第34部分 (第2/4页)
幽默、机智和绅士风度,而不是因为他的民主事业。”我听了暗自赞赏他的自信和坦率。相反,那个副主编曾经到处发牢骚,抱怨甘阳独断专行,惹起了这个事端,却在会上发言说,现在主要矛盾是有的人做事,有的人玩票。他的这种不光明表现令我十分反感,从此和他疏远了。甘阳当真为此事痛苦,有一个细节为证。他从越胜那里借了一本《东方纪事》,上面有戴晴的文章《储安平》,还到越胜手上,越胜一看乐了。那篇文章里有“强调集体领导实际上是抹掉主编的主体地位的一种堂皇托词”一类话,甘阳在这些话下面都划了道道,我能想象他这么做时一定充满悲剧感。
在那以后,我不想再过问这件事了。我本来就把编委会看作甘阳个人的事,并非认真要搞什么民主制,他不接受也就算了,反正我仍然过我的逍遥日子。我对自己说:我爱甘阳,我更爱民主;但是,我爱民主,我更爱自由。越胜当然也超脱,他对我说:“我们不是办事的人,就喝喝酒,聊聊天,听听音乐,写写文章,当竹林七贤。第一流的人就这样,编书之类让二三流的人去干。”然而,甘阳不肯罢休了,派两个副主编带着他的一封信分头找嘉映、友渔、越胜和我谈话,劝我们自动退出编委会。他们三人都同意了,惟独我拒绝,说:“让甘阳开除我吧。”当时八九风潮已起,不久后甘阳到了国外,还没有来得及开除我,编委会实际上不复存在了。不过,我倒宁肯自己被开除,而编委会继续存在,心里真为这支力量散伙感到可惜。

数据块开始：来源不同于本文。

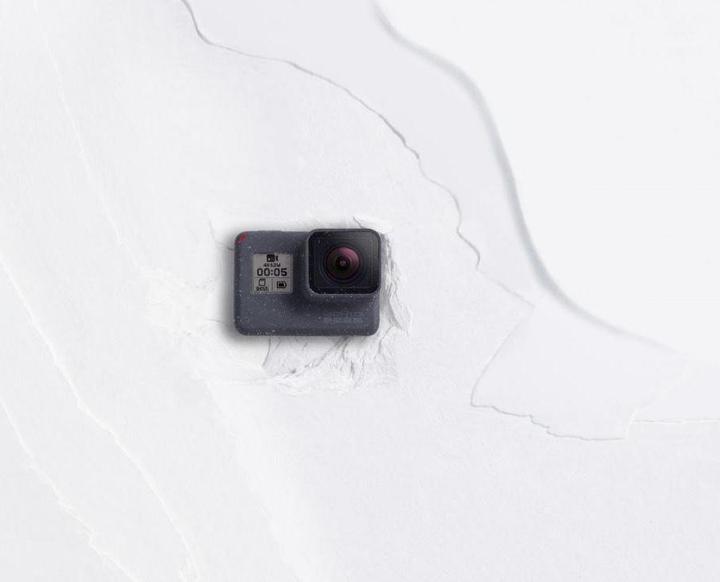 Actual product image GoPro Hero 6 Black
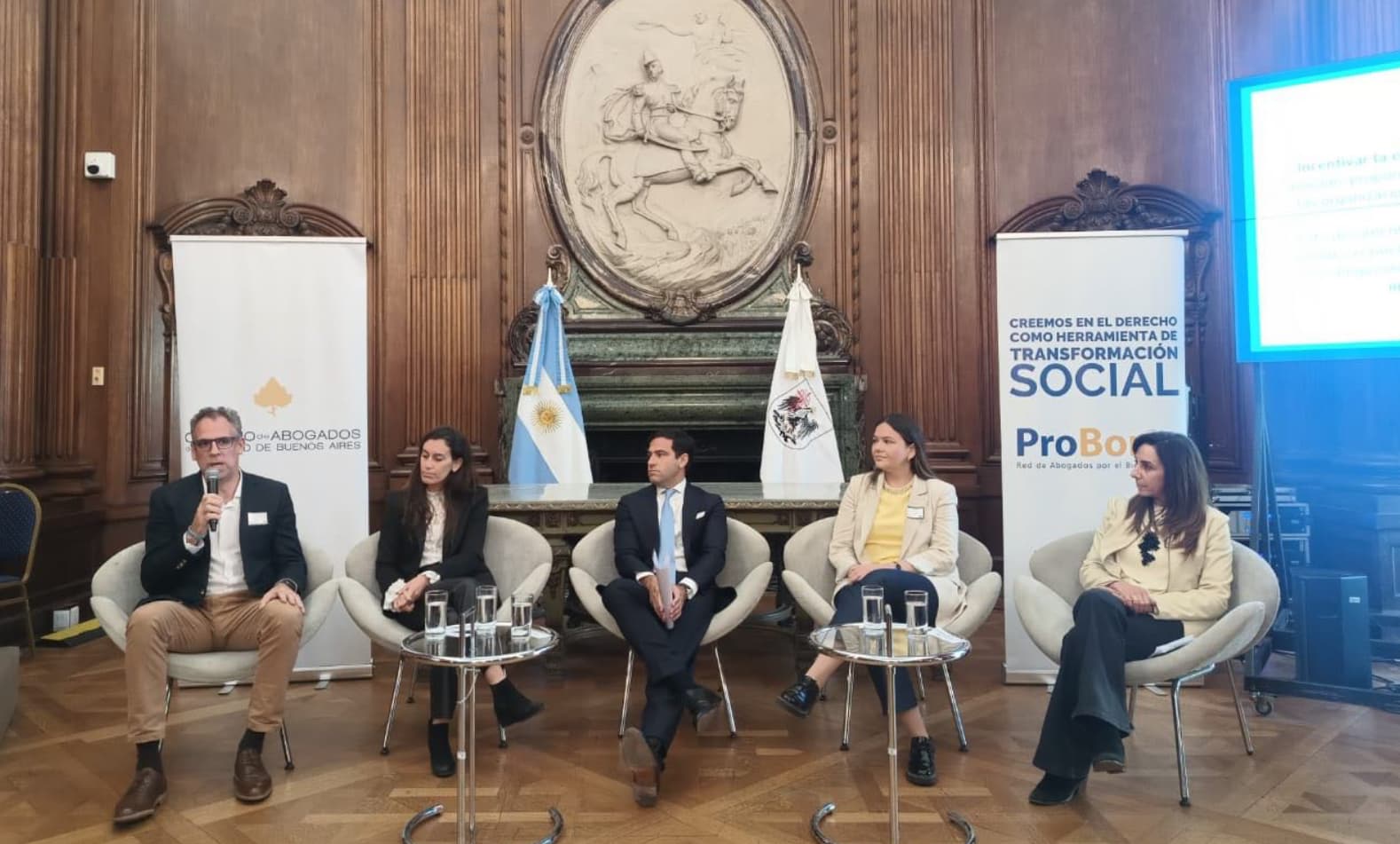 La Red ProBono difunde protocolo para promover la inclusión laboral de personas con discapacidad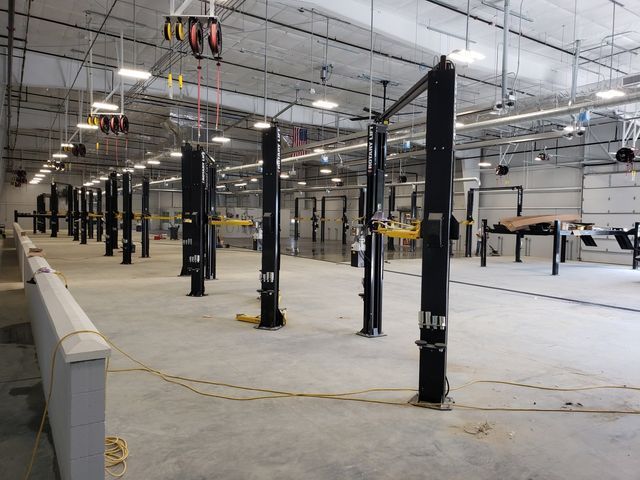 Commercial Property cleaning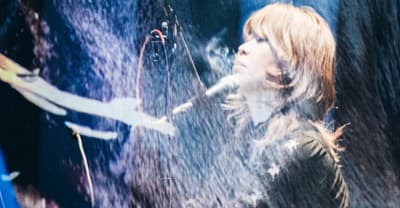 Eiko Ishibashi glows through the ashes on Antigone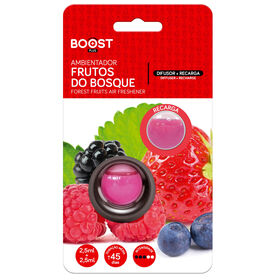 Ambientador Auto Ventilador Frutos do Bosque product image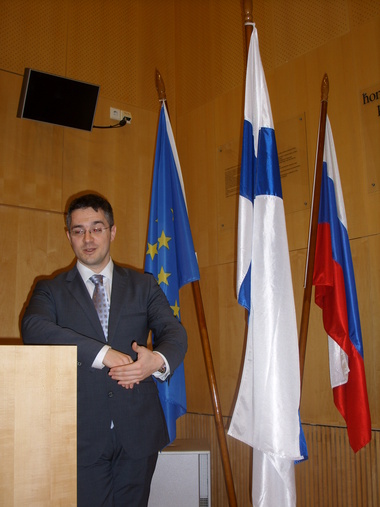 Andrey Frolov 25.4.14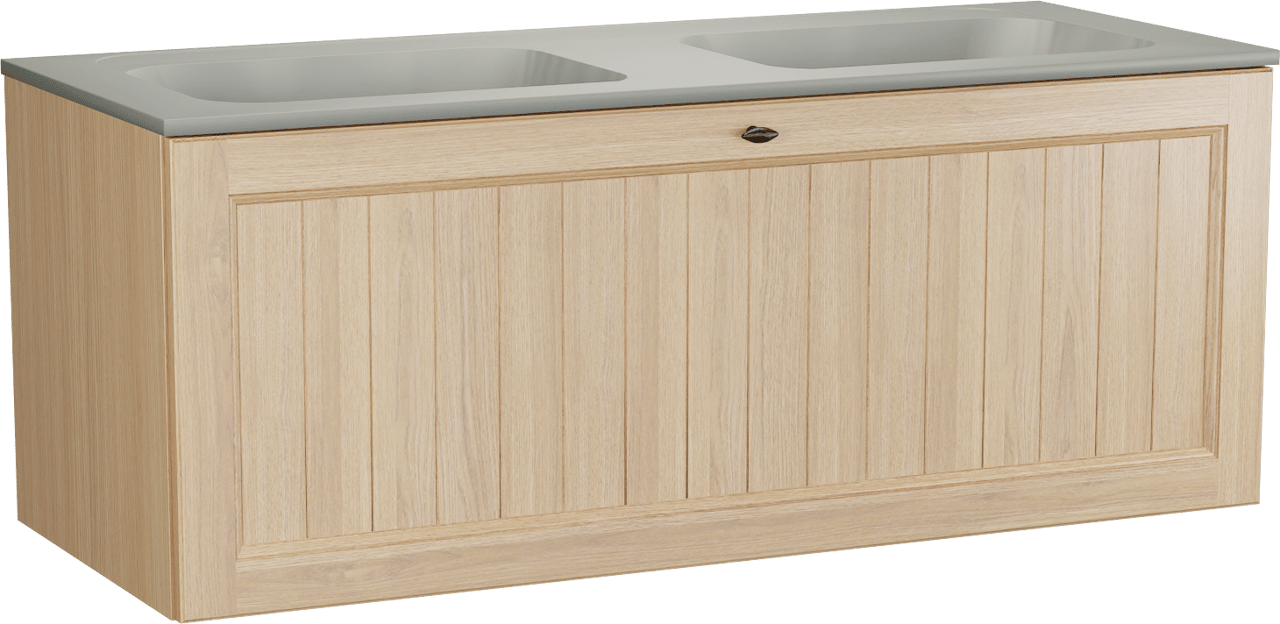 Balmani Lemon badkamermeubel met Tablo Strada Wastafel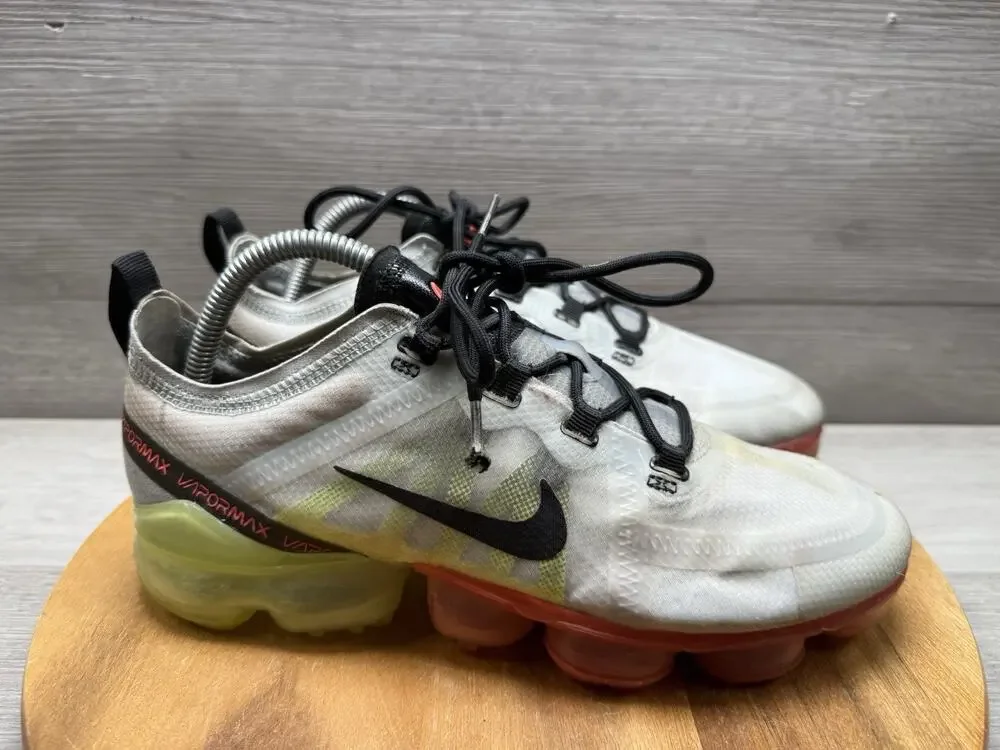 Nike Air Vapormax 2019 Sneakers Retro Future Neon Collection AR6631-007 Mens 8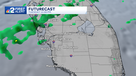 TUESDAY FORECAST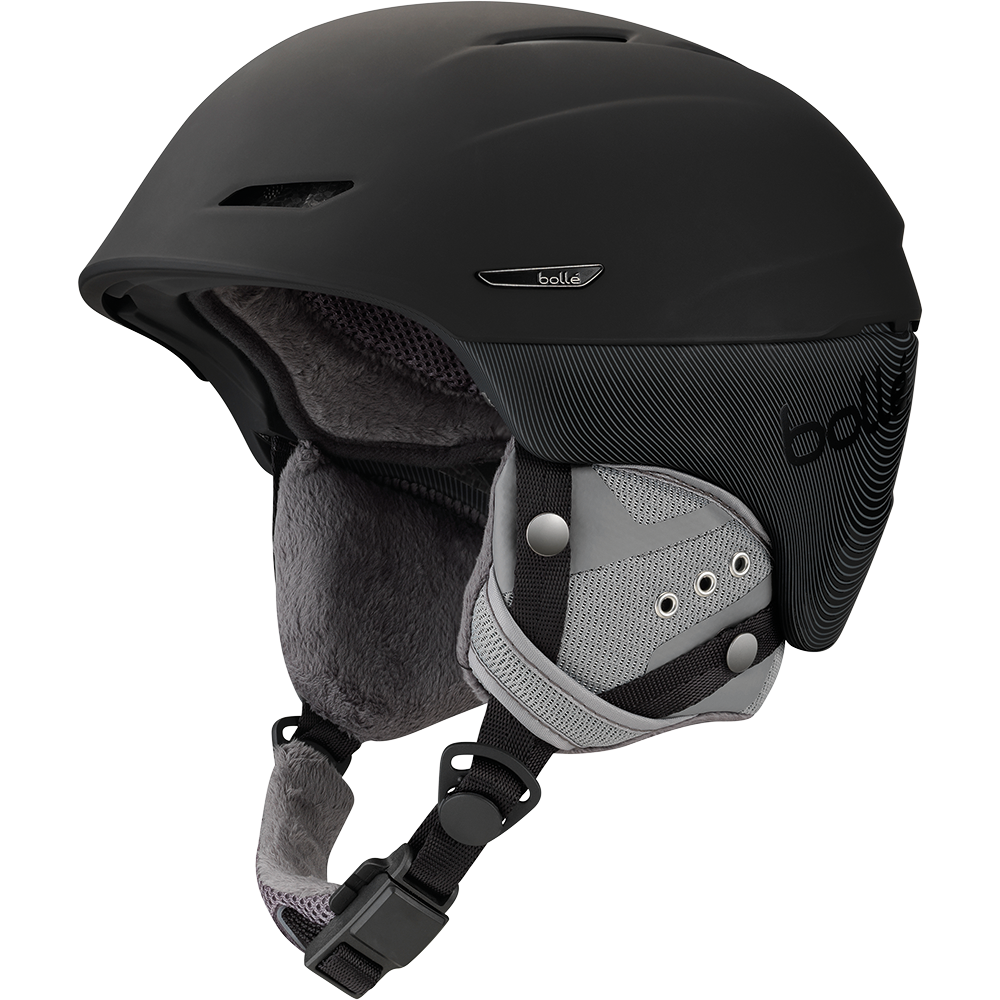 bolle millenium ski helmet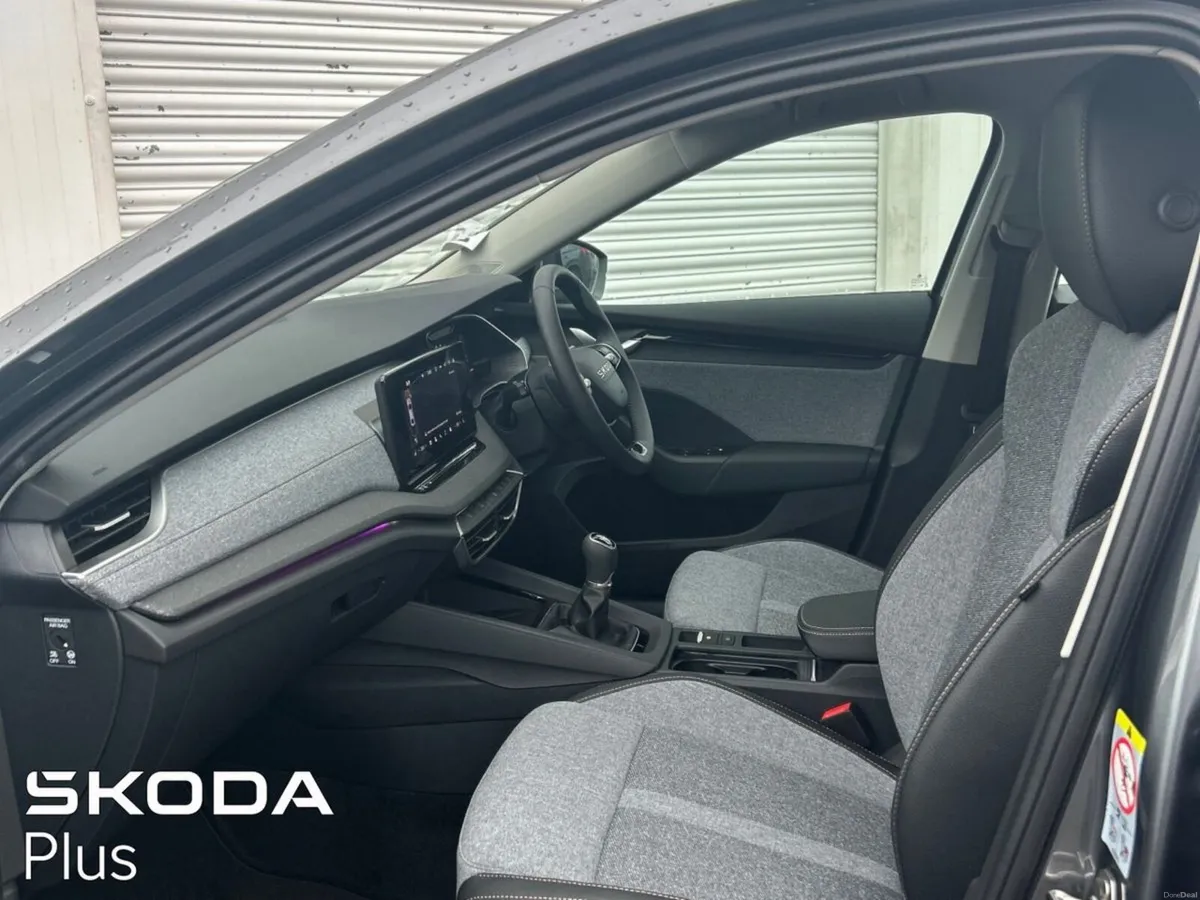 Skoda Octavia Selection + 2.0TDI 115HP - Image 4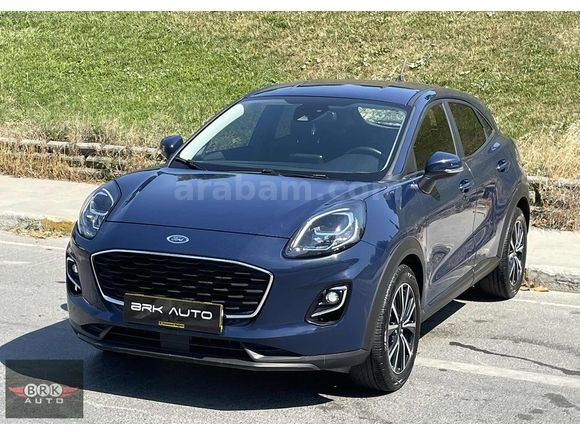 __BRK Auto__2023 Ford Puma 1.0.EcoBoost Style__25.ooo Km__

在八十年代后期,除学界外,艺术界也十分活跃。出版《转折点》后,我认识了一拨号称北方群体的新潮画家,他们常来看我,带来美术界萌动的信息。其高潮是1989年2月的中国现代艺术展,开幕那天我去了,美术馆一至三楼展厅熙熙攘攘,盛况空前。一楼是行为艺术,各种异想天开的玩意儿居然进了国家艺术殿堂。最引人注目的是一个洗脚的男人,他穿红衣戴红帽坐在红布帘后面,赤脚伸在红盆里。二楼是油画,我认识或不认识的画家拉我在他们的作品前合影。我还没有来得及上三楼,突然封馆了。我问服务员:“美术馆中午不是从来不闭馆吗?”她生气地回答:“美术馆也从来没有开过这种展览!”原来,刚才在一楼展厅,一个女子——据说是作者本人——用气枪射击作为展品的模拟电话亭。她被抓走了。出动了数辆警车和一些警察。人们聚集在门厅里和门外广场上,议论着,不肯散去,似乎在等待某个重大事件发生。其实事件已经发生,封馆成了整个展览的高潮。人人兴高采烈,那天是农历除夕,可真有点儿节日气氛。巨大的黑布铺在广场上,上面缀着本次展览的图徽——不准调头的交通标记,人们纷纷以之为背景留影,然后作为事件的见证人心满意足地离去。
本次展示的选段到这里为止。